Dataset extract

=-=-=-=-=

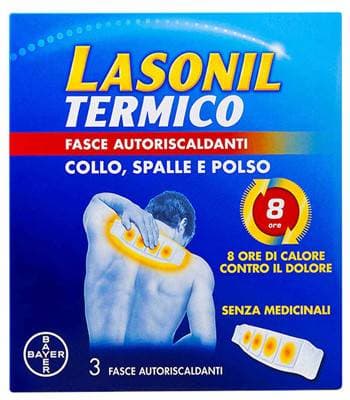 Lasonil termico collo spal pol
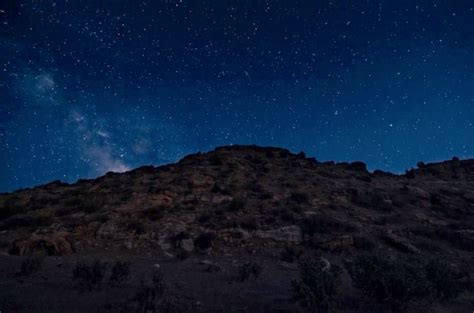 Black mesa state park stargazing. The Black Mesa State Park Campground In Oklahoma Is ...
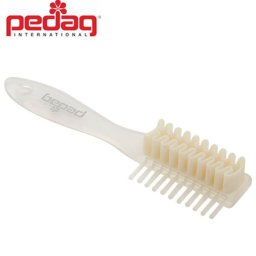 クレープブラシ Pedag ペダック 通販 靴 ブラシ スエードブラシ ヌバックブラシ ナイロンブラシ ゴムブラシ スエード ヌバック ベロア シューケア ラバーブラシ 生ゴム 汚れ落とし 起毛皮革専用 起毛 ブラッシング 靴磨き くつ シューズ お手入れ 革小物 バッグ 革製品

=-=-=-=-=

Your task
Omit pictures and output the listing exactly.

Problem solution
 Lasonil termico collo spal pol
 Black mesa state park stargazing. The Black Mesa State Park Campground In Oklahoma Is ...
 クレープブラシ Pedag ペダック 通販 靴 ブラシ スエードブラシ ヌバックブラシ ナイロンブラシ ゴムブラシ スエード ヌバック ベロア シューケア ラバーブラシ 生ゴム 汚れ落とし 起毛皮革専用 起毛 ブラッシング 靴磨き くつ シューズ お手入れ 革小物 バッグ 革製品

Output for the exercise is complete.